=== Begin Enclosure ===

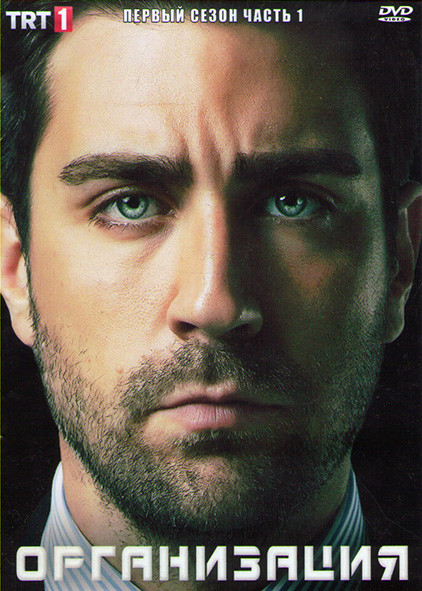 Организация 1 Сезон 1 Часть (8 серий) (4DVD) на DVD Организация 1 Сезон 1 Часть (8 серий) (4DVD) на DVD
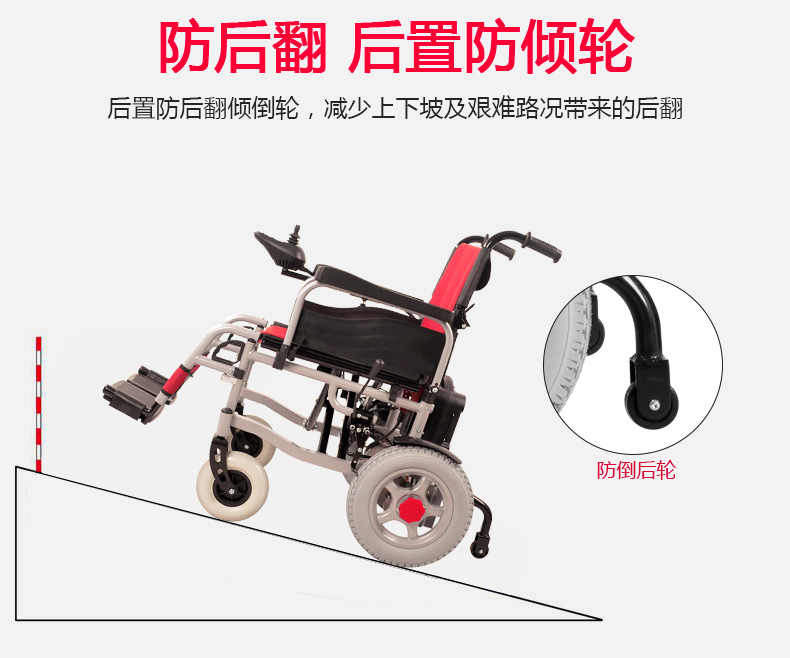 電動輪椅前輪驅(qū)動和后輪驅(qū)動都有什么特點(diǎn)？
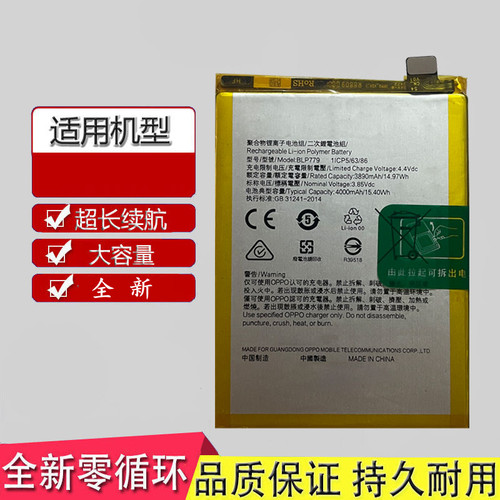 适用于OPPO A92S手机电池A32 A91 A52 A72 A15 A15S A53 5G A55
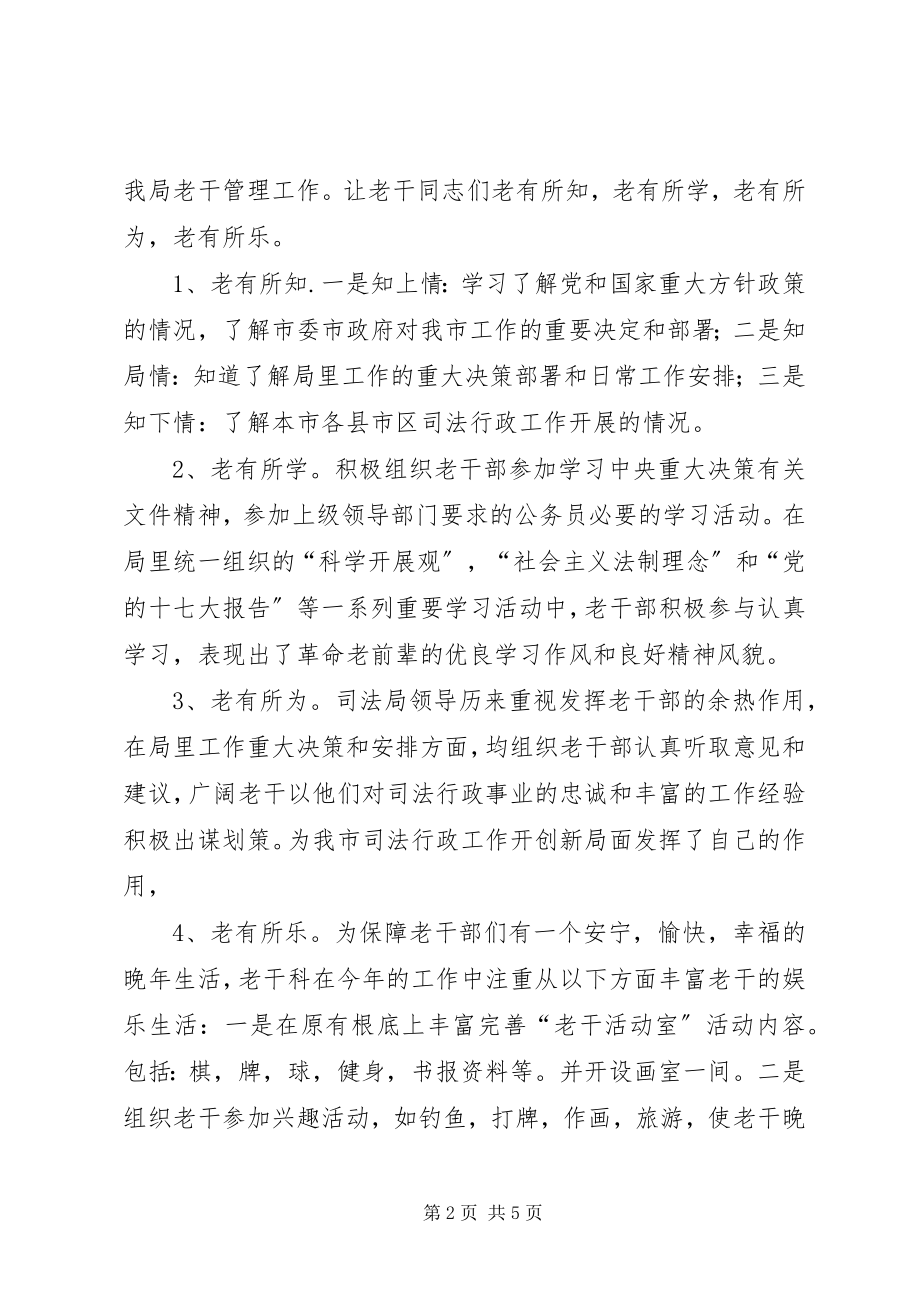 2023年老干局老干总结汇报.docx_第2页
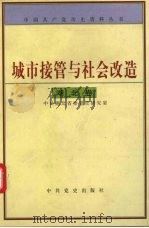 城市的接管与社会改造  湖北卷   1997  PDF电子版封面  7801360591  中共湖北省委党史研究室编 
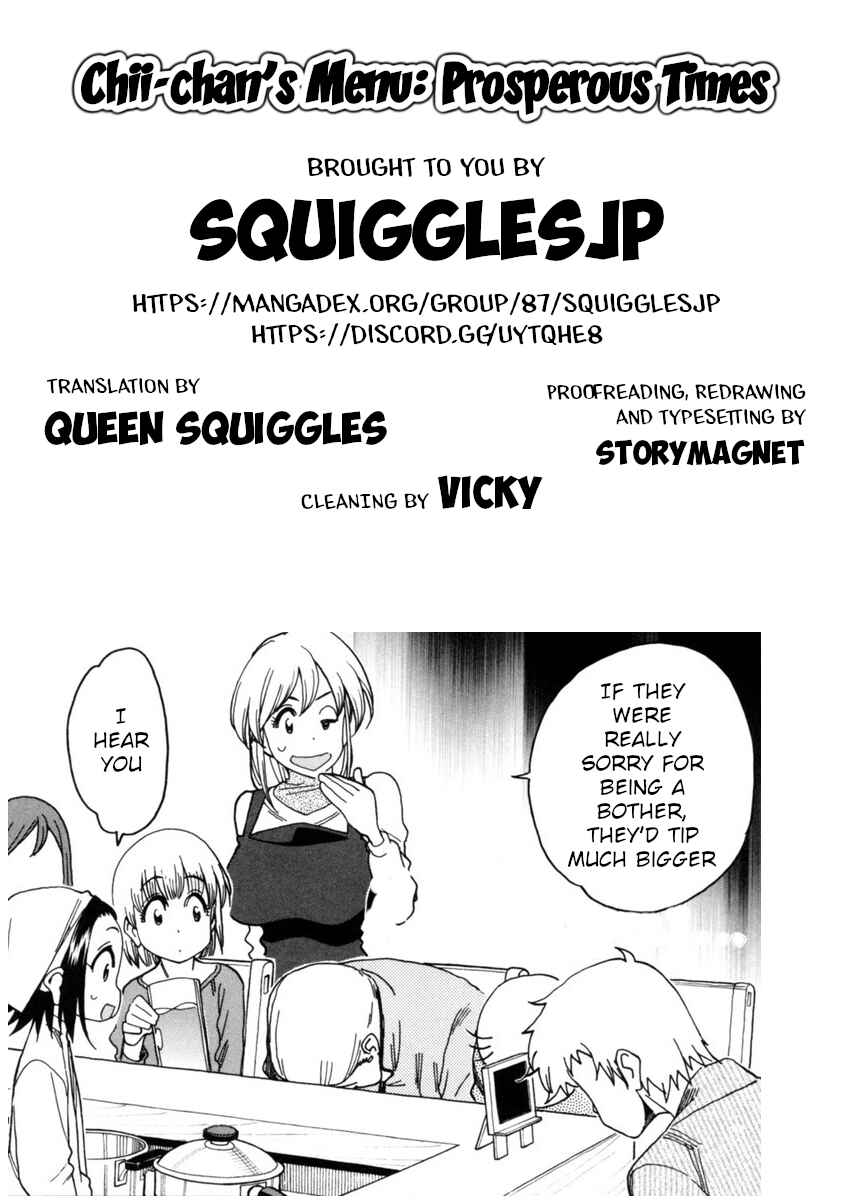 Page 25 Chapter 15 Chii-chan no Oshinagaki Hanjouki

=== End Enclosure ===

__EXERCISE DESCRIPTION__
Without any pictures, write out the lines running from the one containing "适用于OPPO A92S手机电池A32 A91" through the end of the listing above, both included, exactly as given.

__REPLY__
 适用于OPPO A92S手机电池A32 A91 A52 A72 A15 A15S A53 5G A55
 2023年老干局老干总结汇报.docx_第2页
 城市的接管与社会改造  湖北卷   1997  PDF电子版封面  7801360591  中共湖北省委党史研究室编 
 Page 25 Chapter 15 Chii-chan no Oshinagaki Hanjouki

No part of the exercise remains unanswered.